The housing bubble is on everyone's lips these days (more specifically, the imminent bursting thereof). So, it is not unnatural that the Washington Post today is running a story about a woman named Gwendolyn Halford who makes $60k p.a., but who hasn't been able to buy a home that meets her standards (2 bedrooms, 2 bathrooms, Parking and washer/dryer in the unit) at her price range -- and she has been looking for more than 5 years...
A few choice quotes: "You are allowing developers to come in to build condo units and homes at prices that a large percentage of the population can't afford," she said. "So what is going on here?"

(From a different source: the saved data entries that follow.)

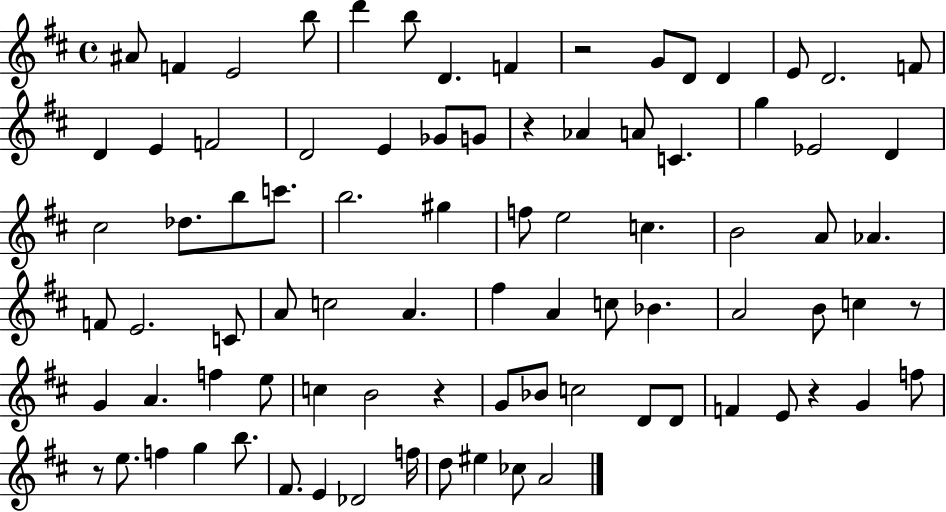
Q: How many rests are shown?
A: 6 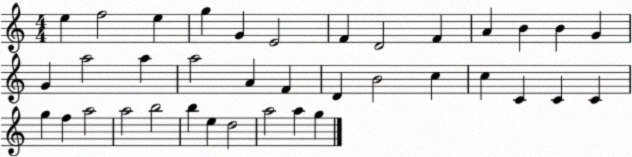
X:1
T:Untitled
M:4/4
L:1/4
K:C
e f2 e g G E2 F D2 F A B B G G a2 a a2 A F D B2 c c C C C g f a2 a2 b2 b e d2 a2 a g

It's called capitalism. Someone takes a risk to build something so that they can make money if it sells. If it doesn't sell, then they lose money. If you can't afford to buy it, that is not the developer's concern. Using your logic, should new buildings be built only if a large majority of the population can afford them? If so, how is the population measured? What about slum areas? Under this logic, once a neighborhood becomes poor, it will remain poor. You can build new homes for the poor residents at artificial prices, but those poor neighborhoods would remain more or less in their current state: with the same residents paying the same taxes to support the same infrastructure that clearly was not conducive to income generation in the first place.
People such as Halford say they are priced out of something that by rights should be theirs.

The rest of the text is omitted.